Conclusions and implications for malaria transmission and control

These results indicate that, in the model system investigated, the life expectancy of Anopheles mosquitoes is dependent on both insect age and the density of Plasmodium infection, as depicted in Figure 5. This emphasizes the importance of testing these hypotheses in combinations of medical importance, and of understanding the impact of these factors on mosquito mortality, as they influence the probability of a mosquito surviving the extrinsic incubation period and contributing to malaria transmission. Linking these results to previous findings [47] (which illustrated density-dependent transitions between sporogony parasite stages), indicates that intermediate 'optimum' parasite densities may exist for the parasite to complete transmission, and it is likely that these optima will depend on the specific Plasmodium-Anopheles combination. Understanding such intricacies is of utmost importance, as it is possible that interventions could have unexpected outcomes; reducing high parasite load for example, could inadvertently increase the life expectancy of the vector and relax the density-dependent constraints operating upon sporogony within the vector, facilitating successful transmission of the pathogen. As a result it is important for studies of transmission-blocking strategies to report efficacy in terms of reductions in prevalence as well as parasite density to facilitate understanding of the impact of such interventions on malaria transmission.
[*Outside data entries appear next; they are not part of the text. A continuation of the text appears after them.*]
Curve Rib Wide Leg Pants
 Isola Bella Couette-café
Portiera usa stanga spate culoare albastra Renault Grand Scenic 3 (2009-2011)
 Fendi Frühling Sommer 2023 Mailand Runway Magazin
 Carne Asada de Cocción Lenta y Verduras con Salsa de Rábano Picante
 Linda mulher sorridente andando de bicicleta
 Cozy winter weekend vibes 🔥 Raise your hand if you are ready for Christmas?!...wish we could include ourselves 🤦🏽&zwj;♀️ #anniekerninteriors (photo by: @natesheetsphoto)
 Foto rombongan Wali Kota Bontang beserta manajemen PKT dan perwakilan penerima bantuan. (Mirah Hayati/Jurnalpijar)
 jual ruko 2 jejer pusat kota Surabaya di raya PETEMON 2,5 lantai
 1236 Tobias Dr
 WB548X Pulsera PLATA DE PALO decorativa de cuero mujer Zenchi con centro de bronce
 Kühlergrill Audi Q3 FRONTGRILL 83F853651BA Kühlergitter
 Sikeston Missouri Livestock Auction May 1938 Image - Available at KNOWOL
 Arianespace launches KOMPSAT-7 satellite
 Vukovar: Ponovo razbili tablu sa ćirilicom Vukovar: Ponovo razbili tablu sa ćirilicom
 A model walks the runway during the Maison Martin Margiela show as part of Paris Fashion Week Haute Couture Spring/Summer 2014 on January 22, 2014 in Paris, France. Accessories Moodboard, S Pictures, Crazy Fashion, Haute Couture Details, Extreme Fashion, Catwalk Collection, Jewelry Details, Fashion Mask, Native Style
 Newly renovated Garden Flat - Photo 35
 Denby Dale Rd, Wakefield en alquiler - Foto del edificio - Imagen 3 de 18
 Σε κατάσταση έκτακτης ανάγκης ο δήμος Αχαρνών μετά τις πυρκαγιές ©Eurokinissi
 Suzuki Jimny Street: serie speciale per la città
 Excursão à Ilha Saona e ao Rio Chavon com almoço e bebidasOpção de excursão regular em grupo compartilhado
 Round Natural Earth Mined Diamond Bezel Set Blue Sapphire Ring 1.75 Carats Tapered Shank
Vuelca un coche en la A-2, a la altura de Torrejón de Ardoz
As vector mortality is a particularly sensitive component of pathogen transmission, quantitative models seeking to describe transmission dynamics within the vector that do not include these processes could produce misleading results or miss epidemiologically important outcomes. The results presented here suggest that high parasite loads have the potential to reduce vector competence (summarized as the per capita probability of an ingested gametocyte to generate infectiousness) and vectorial capacity (which includes the daily probability of vector survival and the expectation of infective life or 'longevity factor'). Age- and parasite density-dependent mosquito mortality, as well as density-dependent Plasmodium development are in the process of being included into mathematical models that will provide a more comprehensive description of the processes that influence sporogony in the mosquito and the expectation of infective life. The usefulness of such models for the design, development, and evaluation of transmission-blocking strategies will be reported elsewhere.